The filter fields and the filter input fields are specified declaratively. The filter query is dynamically constructed as you select filter fields and enter field values. The query can then be applied to the Pandas data frame. The neat thing about this solution is there is not one “if” statement in sight to control the filtering logic, and you can adjust the filters UI through the declarative specification. The rest of the code just works.

To use this sample gist for something serious, you should encapsulate the functions better and ensure you test it with very large data frames.

The code is generic enough that you could easily replace the Pandas data persistence with a proper database. The Pandas method pd.DataFrame.query() could be replaced with something like db.execute_query(). The query builder would construct a SQL query instead of a Pandas query.

streamlit-df_flexi_query-2022-03-12-02-03-54

HTH,
Arvindra

1 Like

this is what i am looking for with some more changes

  • I want to make the logical and compare operatorsdifferent for each field

  • I want to add LIKE % % item for the compare operator list

1 Like

That is left as an exercise for the reader! :slight_smile:

A

1 Like

I am trying to solve it hopefully i will get it done but if not this is needed urgently.
Thanks for all your help.

1 Like

You can’t do approximate matching with Pandas query, so I suggest you use an in-memory SQL Database. Pandas allows you to work easily with SQLite. See this. Then you can use SQL to perform much more flexible queries, including LIKE.

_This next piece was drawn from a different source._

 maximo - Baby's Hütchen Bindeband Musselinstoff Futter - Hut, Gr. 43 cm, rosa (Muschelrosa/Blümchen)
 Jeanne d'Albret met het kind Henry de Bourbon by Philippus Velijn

I don’t know your exact use case or Python developer experience so your milage may vary. Still, you might find some inspiration in a handy SQLite data provider I wrote as part of another project. See the /authlib/repo/ module. Additionally, if your source data comes from an Excel worksheet, you could automatically turn it into a SQLite database with a REST API overlay (using FastAPI) with the code in this project.

Good luck.

(P.S. If you manage to achieve your goal/improvements, then please post your solution here.)

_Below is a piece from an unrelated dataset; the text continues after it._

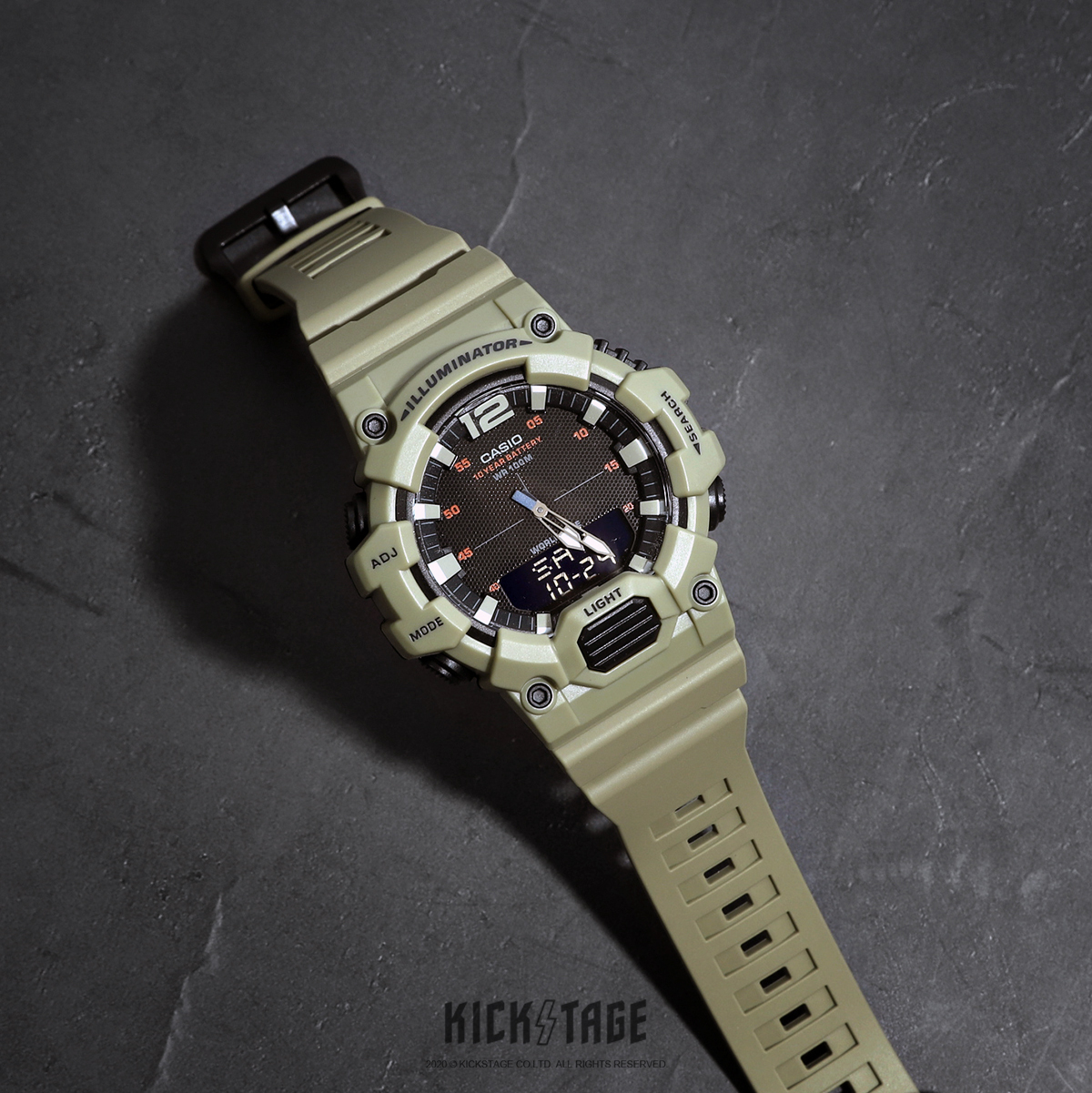 CASIO 大地色 軍事風 10年電力 防水 雙顯 電子錶 橡膠 卡西歐 手錶【HDC-700-3A3VDF】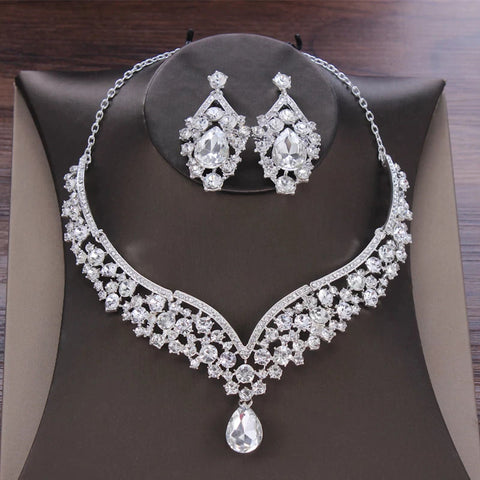 Magnificent Crystal Beads Necklace & Earrings Luxurious Silver Wedding Bridal Jewelry Set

Actually i am connecting streamlit with sql server database using pyodbc where i am trying to convert the daily excel work into a python project connected with database. For this i am asking about Like expression

@asehmi I love your filtering framework, reminds me of this flask video!

In this case adding another clause to asehmi’s build_query() would fit the fuzzy search / LIKE % % requirement:

        elif v['dtype'] == str:
            query_frag = f"{v['db_col']}.str.contains('{v['dtype'](v['value'])}')"

(might need to change to df.query(query, engine='python'), see docs)

Or using a similar technique to build a pyodbc query might be more comfortable for you

1 Like

@gerardrbentley - Thanks, I thought it turned out alright for a few hours work. I didn’t know about server table, very cool! You never know what you’ll learn each day. Appreciate the pointer and your suggestion.

Update: I tried it and it works well. :slight_smile:, and updated the gist.

@asehmi sorry for the late reply but still did not figure out how to add different logical operator for each field.

@leb_dev really sorry I don’t have time to develop that. I suggest the quickest way is to make the print out of the basic query string editable. Then you can manually adjust the operators in the query before applying the query. The main issue is that combining a long string of query clauses would require support for bracketing (to achieve the correct logical intent), and would involve quite a bit of manipulation and code in a point-and-click solution.

Thanks for all your help i appreciate your time
but if you can just tell me how to add the 2 opperators inside the function in order to get different opperator for each selected field.

Thanks

I suggest you repost this question to ask for help from the wider community, and refer to this discussion thread as the starting point. There hasn’t been much traffic here so worth reposting and make the topic more specific like “Looking for help to add flexible operator choices to this query builder”.